Dataset excerpts
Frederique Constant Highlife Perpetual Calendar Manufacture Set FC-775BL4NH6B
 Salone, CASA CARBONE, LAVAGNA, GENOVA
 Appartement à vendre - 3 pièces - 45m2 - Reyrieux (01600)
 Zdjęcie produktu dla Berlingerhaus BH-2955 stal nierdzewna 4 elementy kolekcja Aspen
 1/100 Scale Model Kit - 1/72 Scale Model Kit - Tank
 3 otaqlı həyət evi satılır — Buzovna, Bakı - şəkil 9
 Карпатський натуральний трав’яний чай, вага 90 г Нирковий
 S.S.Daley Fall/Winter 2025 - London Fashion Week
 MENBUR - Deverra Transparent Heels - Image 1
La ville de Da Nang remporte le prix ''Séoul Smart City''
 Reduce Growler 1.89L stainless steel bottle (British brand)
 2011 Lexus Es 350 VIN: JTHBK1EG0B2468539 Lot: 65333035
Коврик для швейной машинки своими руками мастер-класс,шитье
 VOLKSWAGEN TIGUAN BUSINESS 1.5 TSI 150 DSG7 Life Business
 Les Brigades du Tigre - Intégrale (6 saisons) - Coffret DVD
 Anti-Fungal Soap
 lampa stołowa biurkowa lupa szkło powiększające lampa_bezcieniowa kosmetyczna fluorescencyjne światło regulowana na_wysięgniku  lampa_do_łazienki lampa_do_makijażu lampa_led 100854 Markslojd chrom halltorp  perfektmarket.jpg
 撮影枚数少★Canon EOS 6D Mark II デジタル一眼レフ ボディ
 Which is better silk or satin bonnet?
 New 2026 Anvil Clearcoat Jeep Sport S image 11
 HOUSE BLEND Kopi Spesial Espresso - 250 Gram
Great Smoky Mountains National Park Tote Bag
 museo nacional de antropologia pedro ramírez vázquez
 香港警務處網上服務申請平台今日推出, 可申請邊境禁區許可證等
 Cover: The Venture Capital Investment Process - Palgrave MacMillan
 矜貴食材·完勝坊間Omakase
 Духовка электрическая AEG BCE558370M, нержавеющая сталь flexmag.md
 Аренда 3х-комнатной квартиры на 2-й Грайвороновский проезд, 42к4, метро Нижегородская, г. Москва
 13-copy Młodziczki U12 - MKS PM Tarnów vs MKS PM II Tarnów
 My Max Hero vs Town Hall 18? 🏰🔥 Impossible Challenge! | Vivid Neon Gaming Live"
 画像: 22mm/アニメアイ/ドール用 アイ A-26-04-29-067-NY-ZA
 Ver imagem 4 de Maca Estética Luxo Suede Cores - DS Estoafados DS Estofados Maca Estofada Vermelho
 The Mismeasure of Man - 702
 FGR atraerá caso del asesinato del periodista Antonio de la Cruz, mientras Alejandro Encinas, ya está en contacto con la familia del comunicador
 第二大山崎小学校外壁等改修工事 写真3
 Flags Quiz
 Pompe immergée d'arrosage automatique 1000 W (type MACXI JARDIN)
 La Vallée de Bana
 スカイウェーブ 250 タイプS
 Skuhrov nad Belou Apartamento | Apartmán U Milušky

What needs to be done:
Give the data again, unchanged in every line.

Task result:
Frederique Constant Highlife Perpetual Calendar Manufacture Set FC-775BL4NH6B
 Salone, CASA CARBONE, LAVAGNA, GENOVA
 Appartement à vendre - 3 pièces - 45m2 - Reyrieux (01600)
 Zdjęcie produktu dla Berlingerhaus BH-2955 stal nierdzewna 4 elementy kolekcja Aspen
 1/100 Scale Model Kit - 1/72 Scale Model Kit - Tank
 3 otaqlı həyət evi satılır — Buzovna, Bakı - şəkil 9
 Карпатський натуральний трав’яний чай, вага 90 г Нирковий
 S.S.Daley Fall/Winter 2025 - London Fashion Week
 MENBUR - Deverra Transparent Heels - Image 1
La ville de Da Nang remporte le prix ''Séoul Smart City''
 Reduce Growler 1.89L stainless steel bottle (British brand)
 2011 Lexus Es 350 VIN: JTHBK1EG0B2468539 Lot: 65333035
Коврик для швейной машинки своими руками мастер-класс,шитье
 VOLKSWAGEN TIGUAN BUSINESS 1.5 TSI 150 DSG7 Life Business
 Les Brigades du Tigre - Intégrale (6 saisons) - Coffret DVD
 Anti-Fungal Soap
 lampa stołowa biurkowa lupa szkło powiększające lampa_bezcieniowa kosmetyczna fluorescencyjne światło regulowana na_wysięgniku  lampa_do_łazienki lampa_do_makijażu lampa_led 100854 Markslojd chrom halltorp  perfektmarket.jpg
 撮影枚数少★Canon EOS 6D Mark II デジタル一眼レフ ボディ
 Which is better silk or satin bonnet?
 New 2026 Anvil Clearcoat Jeep Sport S image 11
 HOUSE BLEND Kopi Spesial Espresso - 250 Gram
Great Smoky Mountains National Park Tote Bag
 museo nacional de antropologia pedro ramírez vázquez
 香港警務處網上服務申請平台今日推出, 可申請邊境禁區許可證等
 Cover: The Venture Capital Investment Process - Palgrave MacMillan
 矜貴食材·完勝坊間Omakase
 Духовка электрическая AEG BCE558370M, нержавеющая сталь flexmag.md
 Аренда 3х-комнатной квартиры на 2-й Грайвороновский проезд, 42к4, метро Нижегородская, г. Москва
 13-copy Młodziczki U12 - MKS PM Tarnów vs MKS PM II Tarnów
 My Max Hero vs Town Hall 18? 🏰🔥 Impossible Challenge! | Vivid Neon Gaming Live"
 画像: 22mm/アニメアイ/ドール用 アイ A-26-04-29-067-NY-ZA
 Ver imagem 4 de Maca Estética Luxo Suede Cores - DS Estoafados DS Estofados Maca Estofada Vermelho
 The Mismeasure of Man - 702
 FGR atraerá caso del asesinato del periodista Antonio de la Cruz, mientras Alejandro Encinas, ya está en contacto con la familia del comunicador
 第二大山崎小学校外壁等改修工事 写真3
 Flags Quiz
 Pompe immergée d'arrosage automatique 1000 W (type MACXI JARDIN)
 La Vallée de Bana
 スカイウェーブ 250 タイプS
 Skuhrov nad Belou Apartamento | Apartmán U Milušky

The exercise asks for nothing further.